>Dr. P, Dr. H, and I spent the morning of May 11 – our last day in Florence – at Il Duomo, Santa Maria Fiore (the church attached under Il Duomo), and Santa Reparata (the church under Santa Maria Fiore). We were a bit worried when we set out because it was quite overcast and we worried that the view from the top of Il Duomo would not be very good. No worries needed – the view was great and we had quite an interesting time in the dome as well as on it.
This dark picture is taking from Santa Maria Fiore looking up Il Duomo. We climbed 643 stairs to get to the top and outside, with intermittent stops inside Il Duomo right under the stained glass windows and right below the arch.
As we climbed the stairs, we saw this sign: Seriously, what the fuck is wrong with people? Who the fuck would write on the wall of an amazing church? Why can they not exercise any self-control or restraint? As I was to learn in Rome at the Catacombs, idiot assholes who do this types of things ruin the experience for everyone else when things get taken away. How much would it suck if the stairs to Il Duomo were closed due to excessive graffiti? If caught writing on walls, the defacers deserve to have there hands broken on the spot. Sigh.
Anyway, my seething anger at other people was forgotten when we finally got to the top and enjoyed the views. The second picture is of the synagogue in Florence. I think it is one of the most stunning synagogues I have ever seen. (Dr. H’s guidebook (or maybe my little map-guide, I can’t remember) said that the ark still has swastikas carved in it from when it was ransacked in the 1940s.) We stayed up on the cupola and just gaped for some time before heading back down.
As you can see, going down the stairs from Il Duomo’s cupola was a terrifying experience. I swear that I did not hold the camera in any weird way to make Dr. P (visible near the bottom of the stairs) look like she was walking down stairs in some MC Escher drawing. I must’ve clung to the railing on my way down as if my life depended on it. (I have a wee fear of heights, and going down stairs like this amplifies the feeling that I will plunge down any second.)
The stairs led us from the cupola to an even scarier scene – hell. We walked along the level right underneath the stained glass windows and got a close look at Il Duomo’s frescoes depicting hell.

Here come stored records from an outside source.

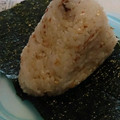 あらかい's cooksnap of when they made しらすと鰹節のおにぎり。.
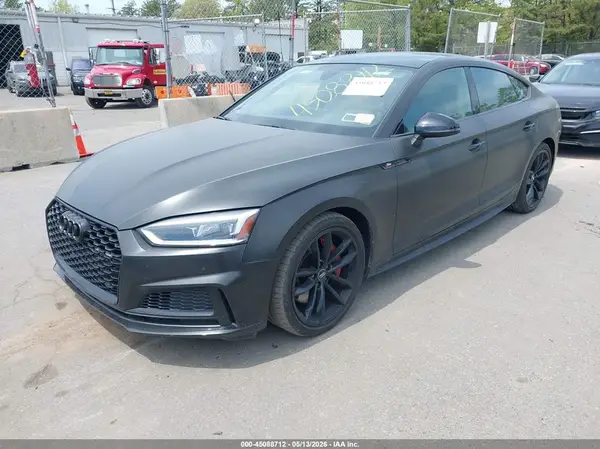 WAUB4CF55KA080214 2019 AUDI S5 - Image 2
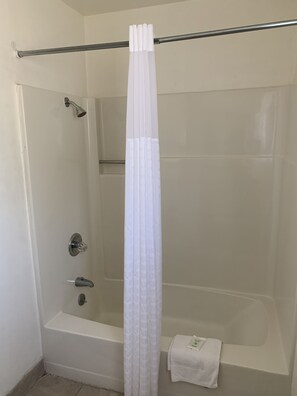 Standard Room, 2 Queen Beds | Bathroom shower - Pacific Sunset Inn (Brookings)
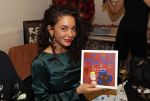 Amsterdam 11 november 2019
Boekpresentatie Fajah Lourens en Selwyn Senatori. De kinderen van fajah krijgen het eerste exemplaar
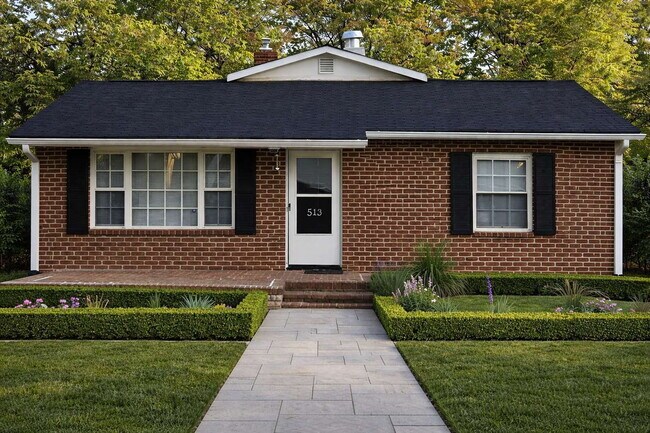 Building Photo - Space, Comfort & Convenience — Discover This Hidden Gem in Charlotte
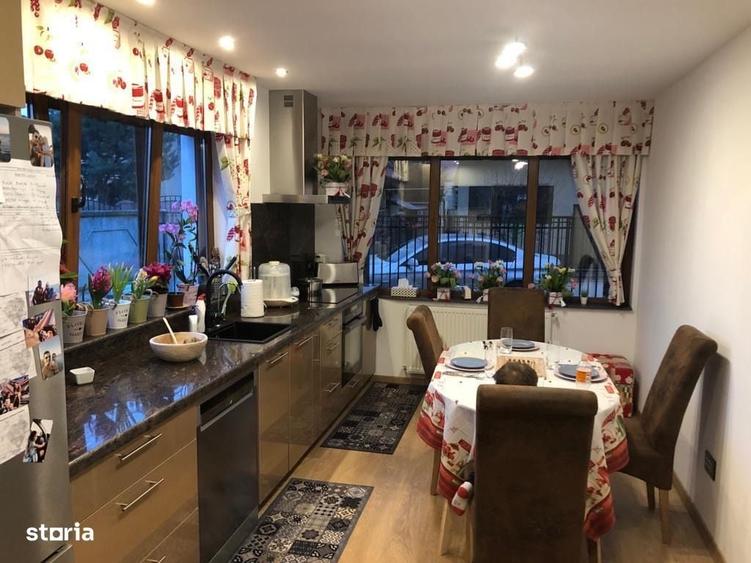 Casă cu 4 camere în Roșu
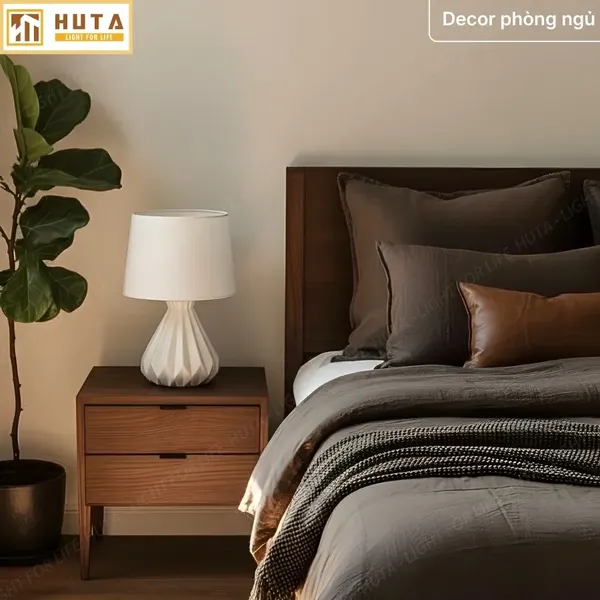 Đèn Ngủ Để Bàn HUTA Light For Life S13 Điều Chỉnh Độ Sáng, Ánh Sáng Vàng, Bảo Hành 24 Tháng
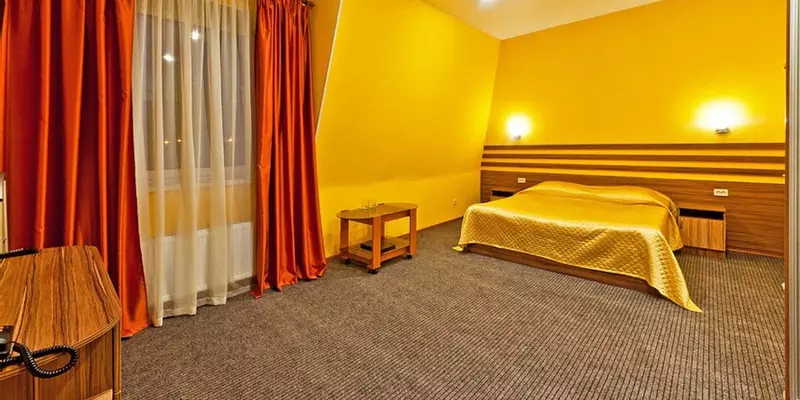 room_8617d545-cd5a-4bcf-be96-a8fc5e8cfa9f.jpg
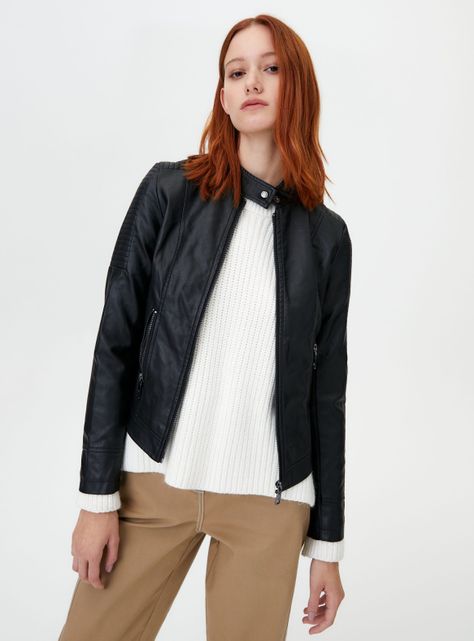 Chaqueta Visby con Broche en Cuello-0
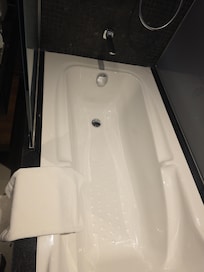 Bathtub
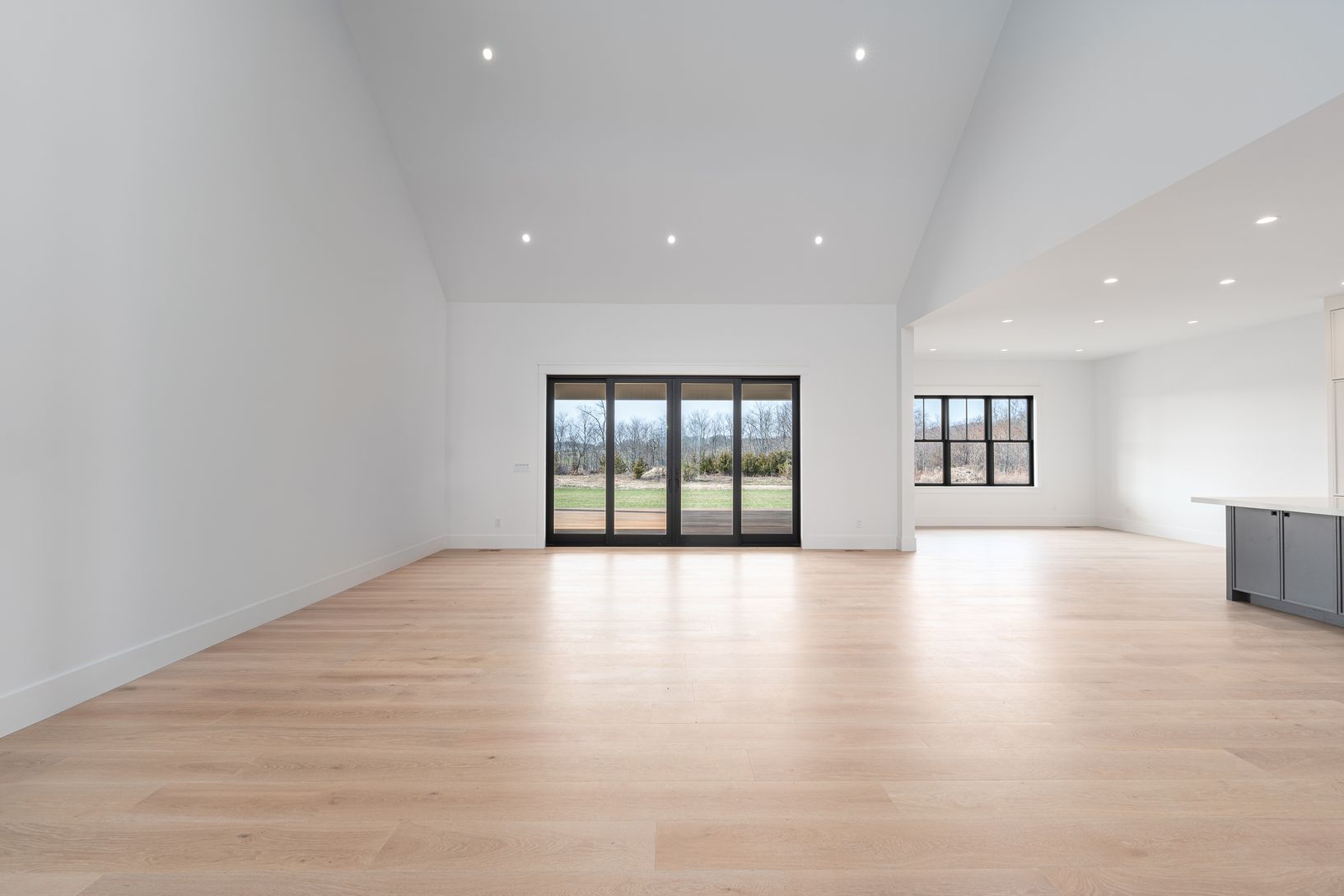  This image has been digitally altered. There is no fireplace in 25 Club Drive.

Seriously, people were crazy 400 years ago. The second picture does indeed show a demon with a stick on fire anally raping a man while another demon with a fire stick is vaginally raping a woman. The woman is grabbing another fallen man’s penis as she screams. Dr. P, Dr. H, and I all agreed that repression can make people severely demented. What scares me is that there are still people today who believe that this is exactly the punishment that the sexually “deviant” deserve. It’s grotesque, but a very important reminder of how dark times still were even during the Renaissance period of “enlightenment” that created so much other beautiful art, and both how far and how not far we have progressed in Western culture.
From the heights of Il Duomo (which ironically was so close to hell), we then went into Santa Reparata, which is actually several meters below the ground level of Santa Maria Fiore. I forgot when architects discovered Santa Reparata, but it is incredibly cool. My favorite part is that people can walk on actual parts of the floor that have been uncovered. I so love the mosaic tiled floors, and they had a soothing texture when you walked on them. In addition, there are many interesting tombs, and much to my delight, relics!!! These babies definitely made up for my disappointing visit to San Marco the prior day. Before we went back to the hotel to collect our belongings and take the train to Rome, Dr. P and Dr. H each took a picture of the Baptistery, another Renaissance marvel.
Here’s my final picture of Florence: Almost every corner building in Florence has a painting of the Madonna and Child. Some are very old and faded, others old and better protected, and some are quite new. I found it very interesting that most, if not all, corner buildings had one, but none of our guidebooks mentioned anything about them.
Arreviderci (I’m sure I spelled that wrong) Firenze!